Virtualization is reaching every corner of the enterprise network, and the racks of network services appliances are no exception. Vendors of security gateways, IP address management (IPAM) and application delivery controllers (ADC) are all offering virtual appliances—software versions of their products that enterprises can deploy as virtual machines. Virtual appliances allow engineers to reduce the physical footprint of network services hardware, and these appliances also offer agility and flexibility in how and where network services are deployed.
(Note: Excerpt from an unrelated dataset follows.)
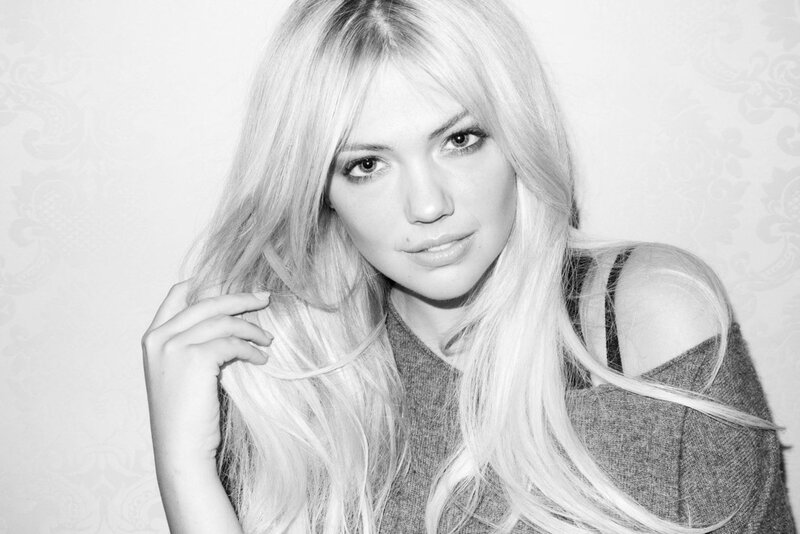 Woman with Blonde Hair — Black, Neutral, Photograph, Blonde Hair, Sweater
The most obvious home for these virtual appliances is the data center, where enterprises have pools of virtualized servers hosting hundreds and thousands of virtual machines. However, in some cases, network services virtual appliances may benefit from being deployed on specialized computing resources. Some networking vendors are adding support for running virtual appliances within networking devices such as switches. Others are offering specialized hardware designed to support multiple virtual appliances and services on a single device.
Where to deploy virtual appliances?
Every deployment scenario is unique, so there is no superior method of deploying virtual appliances within your enterprise infrastructure. Some network services—such as a network sniffer—might benefit from living on a switch, where they can easily tap into traffic. Meanwhile, an ADC might perform better if it can live on the same host server as the application it is accelerating and travel with it when it migrates.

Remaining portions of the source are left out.